__WORK REQUIRED__.
The listing below is to be copied exactly, with pictures excluded.

__DATASET EXCERPT__.
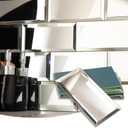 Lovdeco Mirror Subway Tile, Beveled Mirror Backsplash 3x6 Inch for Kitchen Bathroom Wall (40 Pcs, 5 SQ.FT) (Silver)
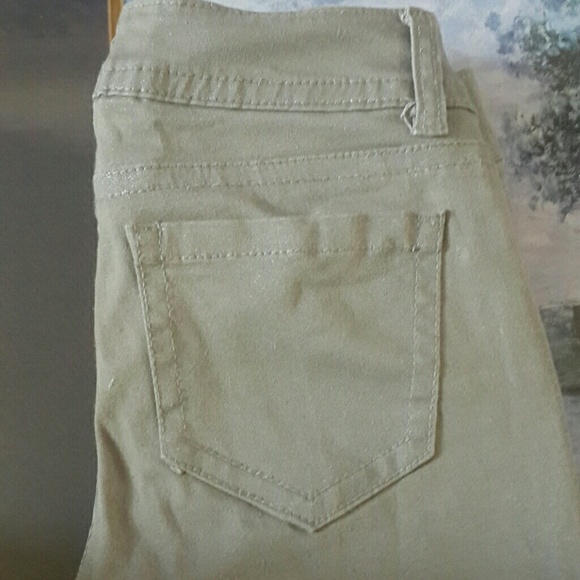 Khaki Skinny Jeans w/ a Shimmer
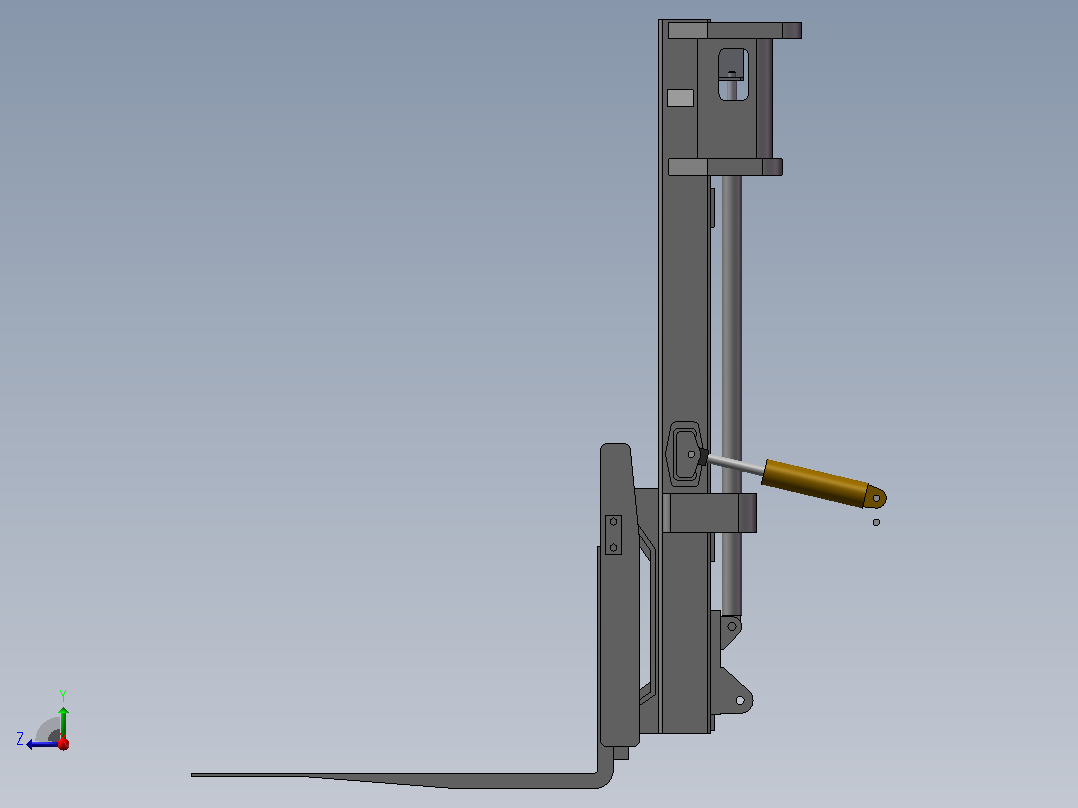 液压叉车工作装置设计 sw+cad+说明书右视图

__RESULT FOR THIS EXERCISE__.
 Lovdeco Mirror Subway Tile, Beveled Mirror Backsplash 3x6 Inch for Kitchen Bathroom Wall (40 Pcs, 5 SQ.FT) (Silver)
 Khaki Skinny Jeans w/ a Shimmer
 液压叉车工作装置设计 sw+cad+说明书右视图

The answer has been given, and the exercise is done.